This is a two part challenge :
First part
In this first challenge we must input a message and a valid signature. After reading this website translated of course. I saw that if we could create the message, then we could also forge it’s signature.
The code to create a message and it’s signature is
def forge_signature(p, g, y):
# Choose integers i and j where gcd(j, p-1) = 1
i = 2
j = 3
# Calculate signature components
r = pow(g, i, p) * pow(y, j, p) % p
#print(r)
s = -r * mod_inverse(j, p-1) % (p-1)
# Calculate the message
m = s * i % (p-1)
return m, r, s
I had a little bit of trouble trying to automatise my interactions with the remote server (especially as my school started blocking randomly requests issuing to challenges.france-cybersecurity-challenge.fr on ports 2151 and 2152)
The final code to validate the challenge is attack-1.py
import pexpect
from sympy import mod_inverse
def forge_signature(p, g, y):
# Choose integers i and j where gcd(j, p-1) = 1
i = 3
j = 5
# Calculate signature components
r = pow(g, i, p) * pow(y, j, p) % p
s = -r * mod_inverse(j, p-1) % (p-1)
# Calculate the message
m = s * i % (p-1)
return m, r, s
# Open a connection to the server using nc
nc_process = pexpect.spawn("nc challenges.france-cybersecurity-challenge.fr 2151")

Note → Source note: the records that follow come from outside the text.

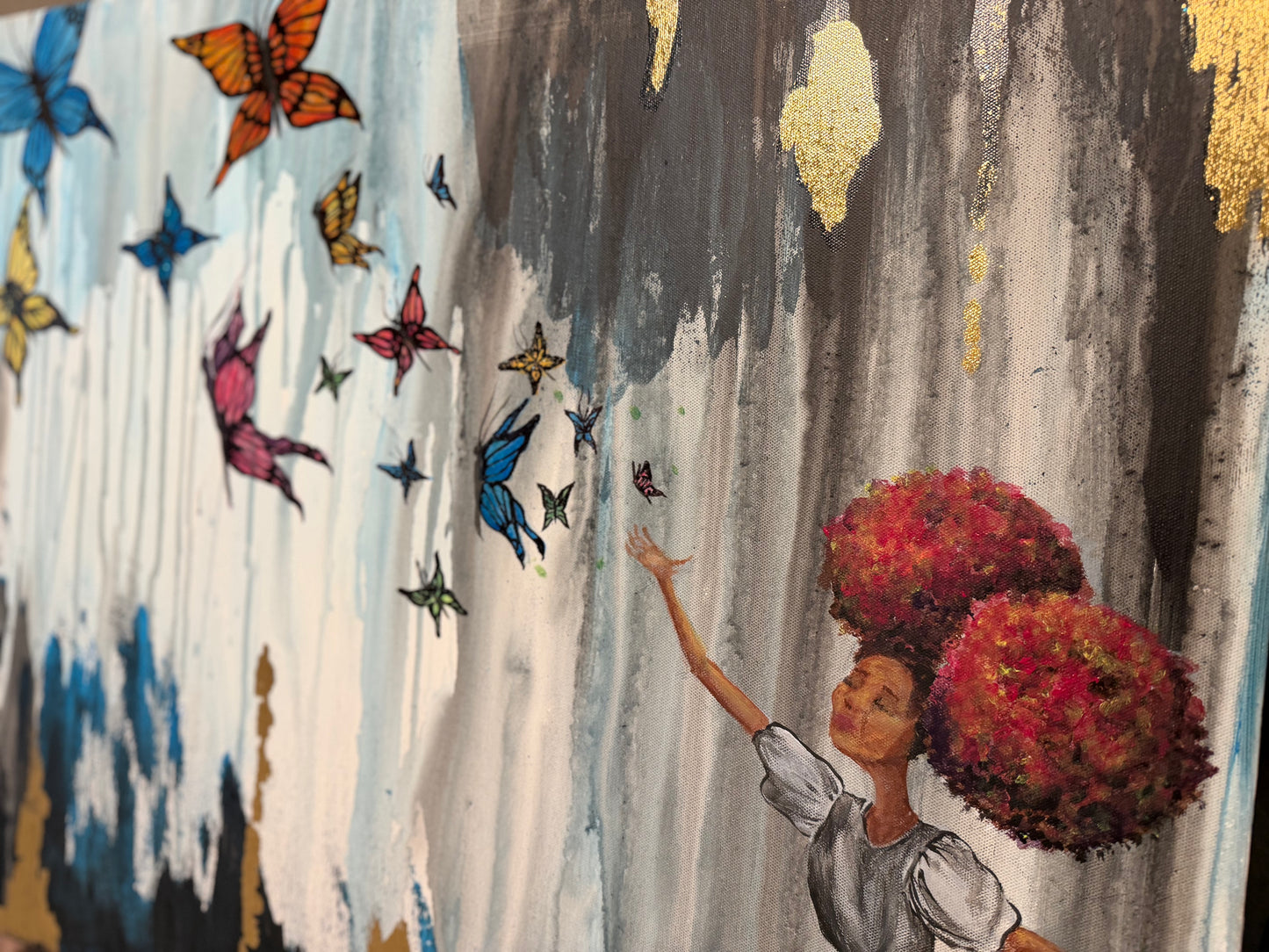 "Beauty and Butterflies" 20" x 30" Original Acrylic Painting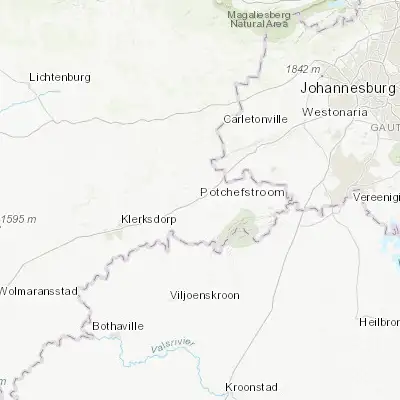 Map showing location of Potchefstroom (-26.716670, 27.100000)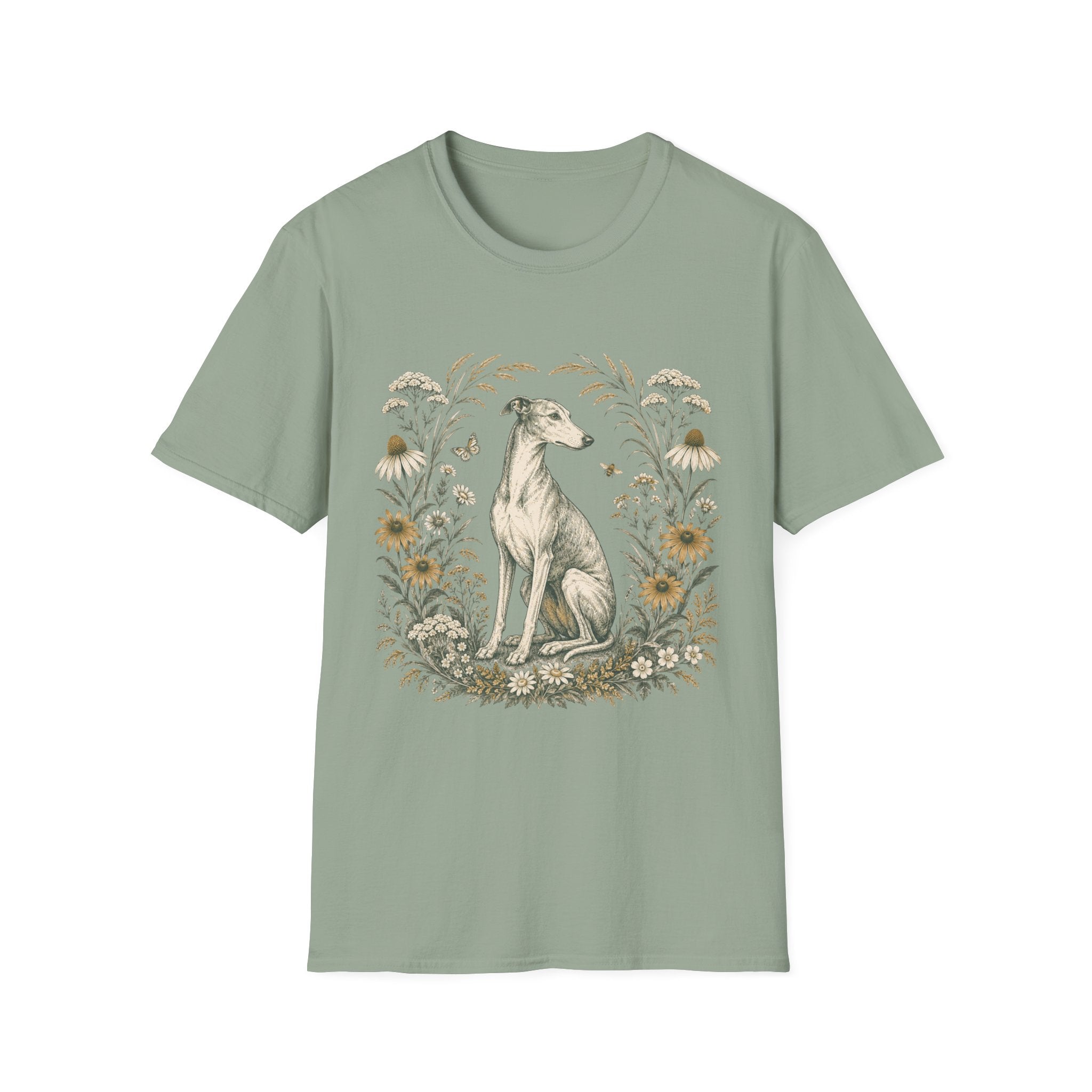 Greyhound Botanical Wreath T-Shirt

# Wait for the server response and extract p, g, and y values
nc_process.expect("p = (\d+)")
p = int(nc_process.match.group(1))
nc_process.expect("g = (\d+)")
g = int(nc_process.match.group(1))
nc_process.expect("y = (\d+)")
y = int(nc_process.match.group(1))
# Print p, g, and y
print("p =", p)
print("g =", g)
print("y =", y)
# Forge a signature
reply = forge_signature(p, g, y)
print(reply)
# Send the forged signature to the server
for i in reply:
nc_process.expect("\n")
nc_process.expect(">>> ") # Wait for the server prompt
nc_process.sendline(str(i))
print('sent')
# Print the server output line by line
while True:
try:
nc_process.expect('\n')
print(nc_process.before.strip())
except pexpect.EOF:
break
# Print the server output
print(nc_process.before.decode())
# Close the connection
nc_process.close()
It did not work each time, but it worked regularly enough to get the flag.
Second part
Cracking this second challenge proved much more complicated, as I went into guessing that maybe these random numbers could be factorized using baby step giant step algorithm. I implemented this algorithm in python. But as this was too slow I implemented it in C. But the numbers in input are much too big to fit in an int so I went to the gmp library, but that was too slow so I went for the NTL library. Once I did all this I thought maybe this was not an interesting method, as the solidity of El Gamal signature was supposed to rely on the complexity of the discrete logarithm.
So I went into chasing obscure properties of numbers such that $ p \equiv 1 \pmod 4 $
After having read much litterature on groups and generators and … I finally found this paper. And I thank Mr Bleichenbacher for having explained so clearly how he could attack such a fake signature. It took me some time to understand all his proof, but step by step with my basic knowledge of groups (and with a few questions to friends on what such groups were and what was a generator, obscure conjectures on 2 as a universal generator…, that I did not understand). I put together a forge.py
from sympy import mod_inverse
"""
Merci à https://crypto.ethz.ch/publications/files/Bleich96.pdf
"""
def get_z(alpha, w, b, y, p):
alpha_w = pow(alpha, w, p)
yaw = pow(y, w, p)
for i in range(b):
if pow(alpha_w, i, p) == yaw:
return i
return None
def get_f():
return 1
def get_s(alpha, h, p, y):
b = 4
k = (p-3) // 2
w = (p-1) // b
c = get_c(alpha, w, k, p)
f = get_f()
z = get_z(alpha, w, b, y, p)
num = h - c * w * z
den = f
mod_inv = mod_inverse(k // f, (p - 1) // f)
return (num // den * mod_inv) % ((p-1)//f)
def get_r(alpha, p, k):
return pow(alpha, k, p)
def get_c(alpha, w, k, p):
return pow(alpha, k, p) // w
def forge_sign(p, alpha, y, h):
"""
m correspond au h du papier
g est le alpha du papier
"""
k = (p-3)//2
return (get_r(alpha, p, k), get_s(alpha, h, p, y))
That put with an attack-2.py got me this flag.
import pexpect
from sympy import mod_inverse
import forge
# Open a connection to the server using nc
nc_process = pexpect.spawn("nc challenges.france-cybersecurity-challenge.fr 2152")
# Wait for the server response and extract p, g, and y values
nc_process.expect("p = (\d+)")
p = int(nc_process.match.group(1))
nc_process.expect("g = (\d+)")
g = int(nc_process.match.group(1))
nc_process.expect("y = (\d+)")
y = int(nc_process.match.group(1))
nc_process.expect("m = (\d+)")
m = int(nc_process.match.group(1))
# Print p, g, and y
print("p =", p)
print("g =", g)
print("y =", y)
print("m =", m)
# Forge a signature
reply = forge.forge_sign(p, g, y, m)
print(reply)
# Send the forged signature to the server
for i in reply:
nc_process.expect(">>> ") # Wait for the server prompt
nc_process.sendline(str(i))
print('sent')
# Print the server output line by line
while True:
try:
nc_process.expect('\n')
print(nc_process.before.strip())
except pexpect.EOF:
break
# Print the server output
print(nc_process.before.decode())
# Close the connection
nc_process.close()